Your goal
Your answer must be the exact lines below, starting with the line with "tigrrr_lillee avatar" and going on through the line with "Concept logo", both included, with no pictures.

Provided data

--- START ---

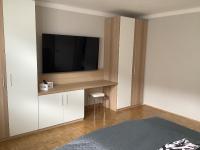 Top 4 - Ferienwohnung
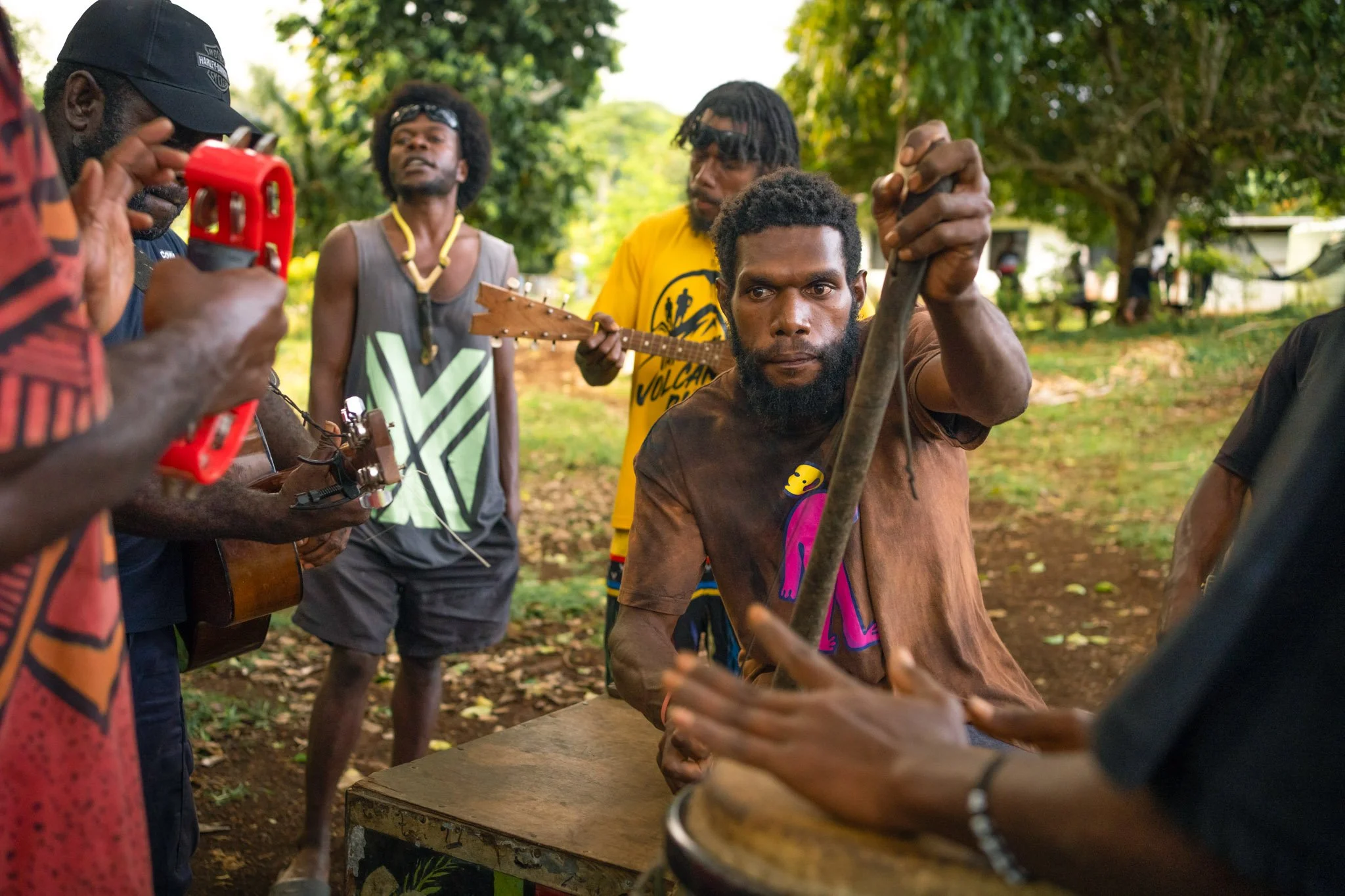 Shift - Vanuatu - 2024 - Dausake - web ready-14.jpg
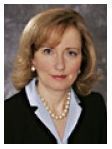 Catherine B. Slavin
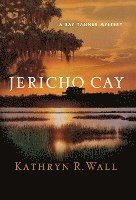 Jericho Cay (inbunden)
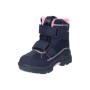 American Club Snow Boots HL3922-NP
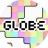 Globe Explorer ico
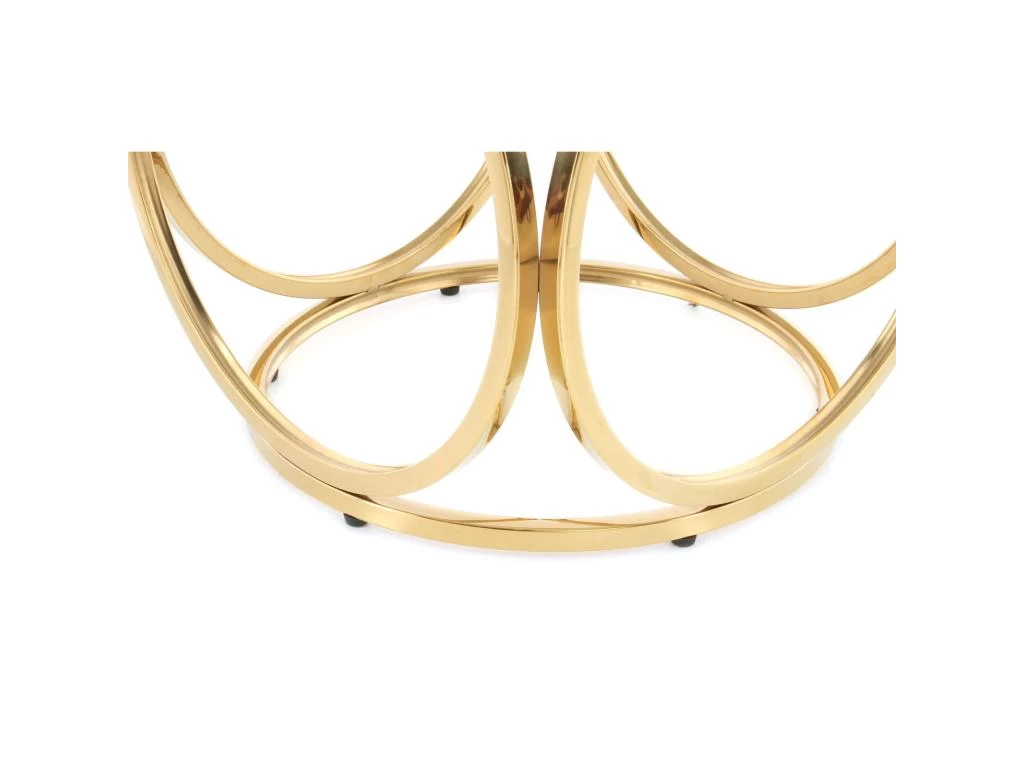 Table D'appoint Whitney 125 – Image 4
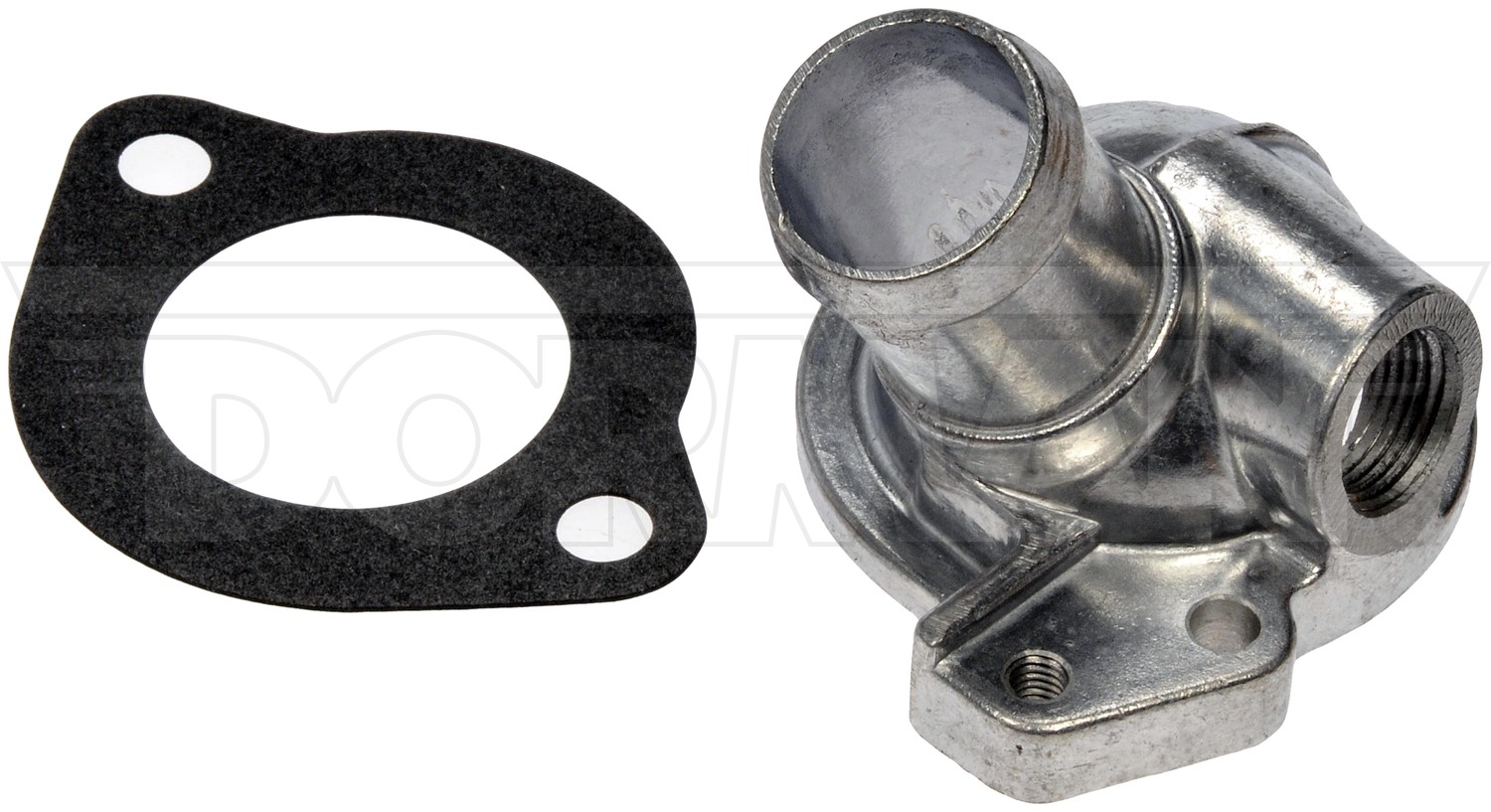 Dorman DOR-902-5018 Engine Coolant Thermostat Housing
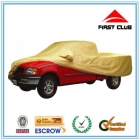 Car Cover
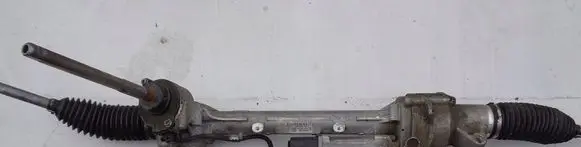 Land Rover Discovery 5 Steering rack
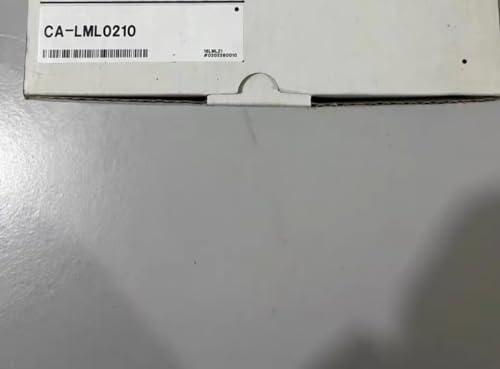 1 PCS CA-LML0210 Original Spare Parts, 1-Year Warranty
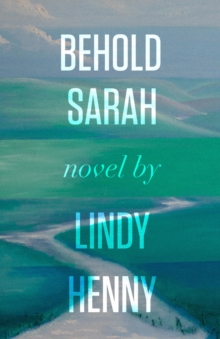Image for Behold Sarah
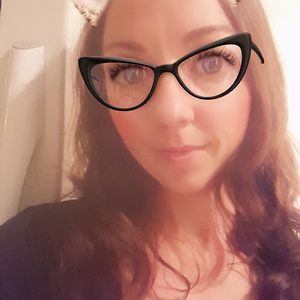 tigrrr_lillee avatar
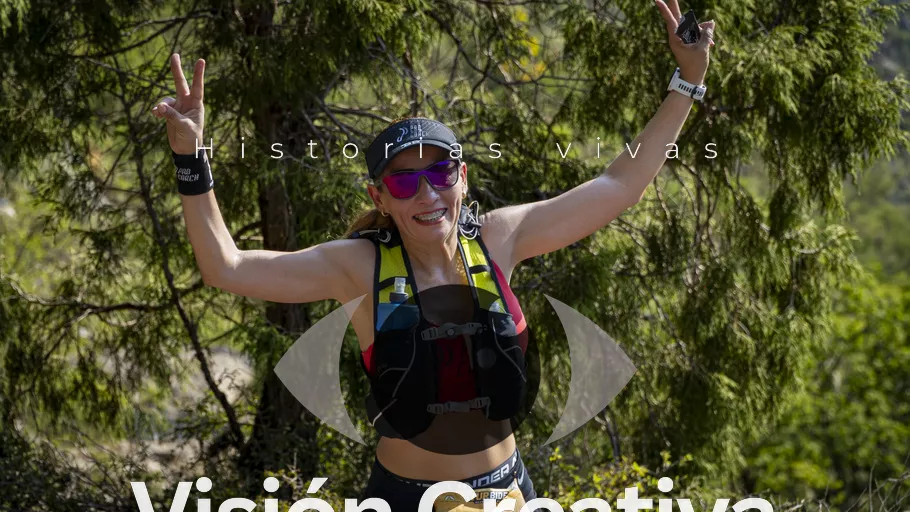 Foto del evento Iturbide Ultra Trail 2024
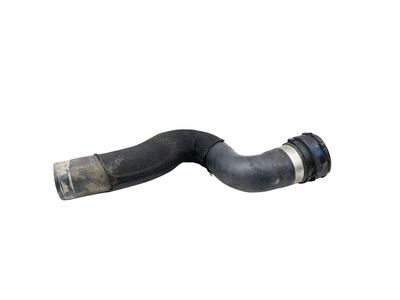 Audi 4H0-121-101-F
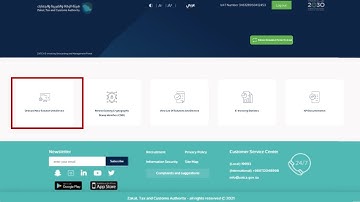 Step-by-step guide to integrate with ZATCA’s Fatoora portal and issue phase 2 compliant e invoices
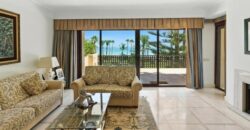 Costalita, New Golden Mile 2-beds
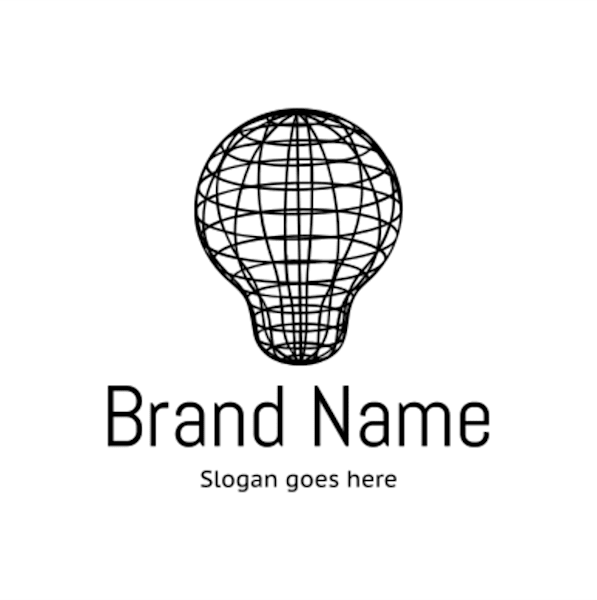 Concept logo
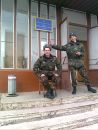 Рома Поліщак фотография #30 (источник - https://vk.com/id124450805)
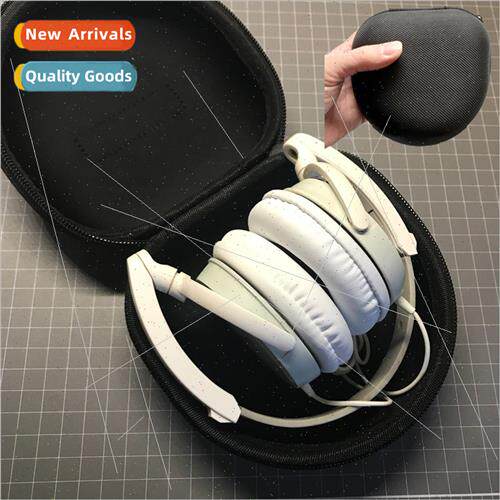 适用ATH-FC707 700 SJ11 55 FW33 AR1is Headphone Bag Storage C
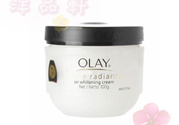 Olay防曬凈白乳霜怎么樣？Olay防曬凈白乳霜防曬效果怎么樣？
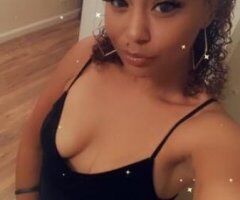 Visalia escorts - 🧡💙🧡🌹💦💦💦💦💦💦INCALL & OUTCALL.....🔥 REDBONE N TOWN READY TO HAVE SOME FUN🧡💙🧡🌹💦💦SPECIALS ALL DAY🧡💙💦🌹💦 !EARLY BIRD SPECIAL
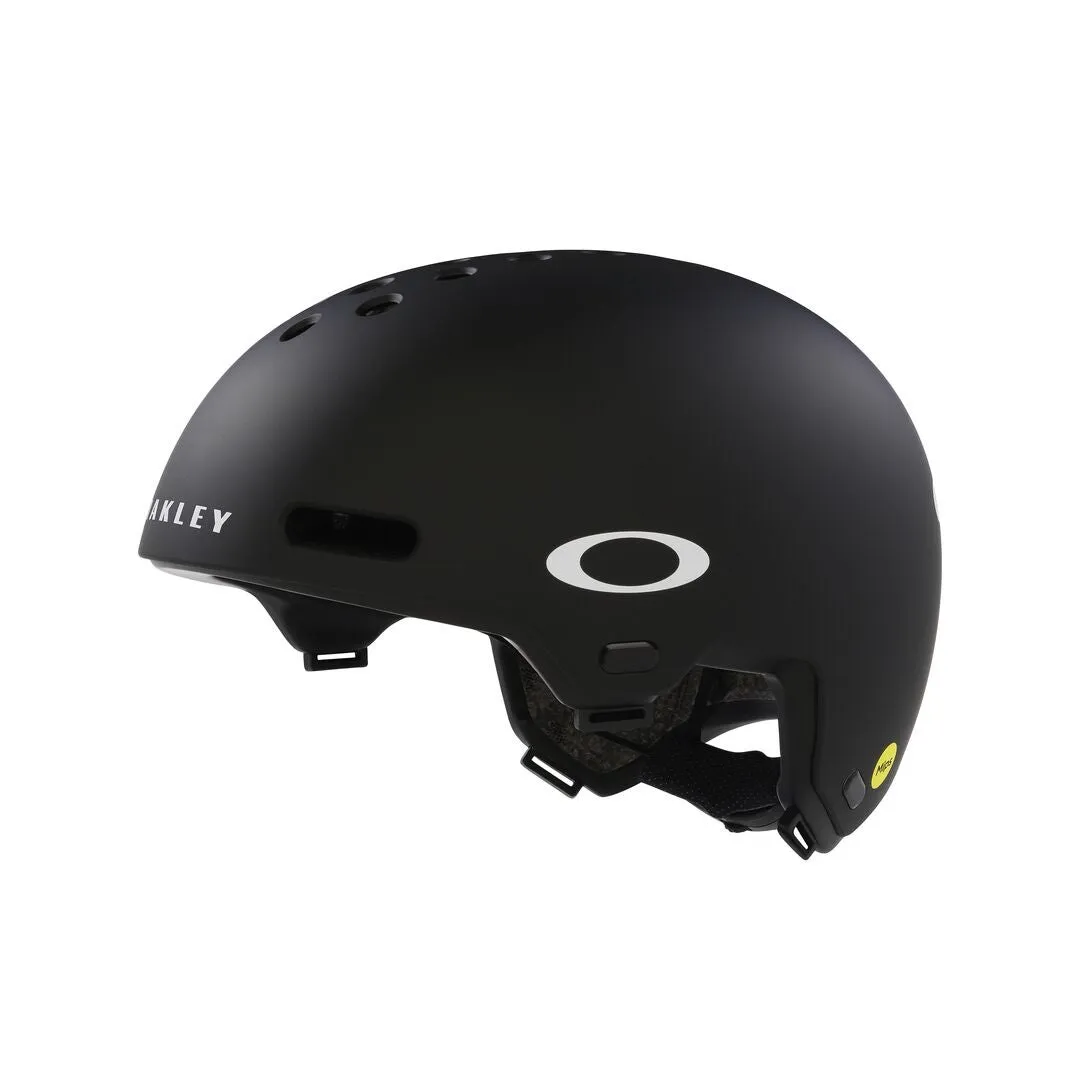 Oakley ST1 Sykkelhjelm Oakley ST1 Sykkelhjelm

--- END ---

Response for this exercise
 tigrrr_lillee avatar
 Foto del evento Iturbide Ultra Trail 2024
 Audi 4H0-121-101-F
 Step-by-step guide to integrate with ZATCA’s Fatoora portal and issue phase 2 compliant e invoices
 Costalita, New Golden Mile 2-beds
 Concept logo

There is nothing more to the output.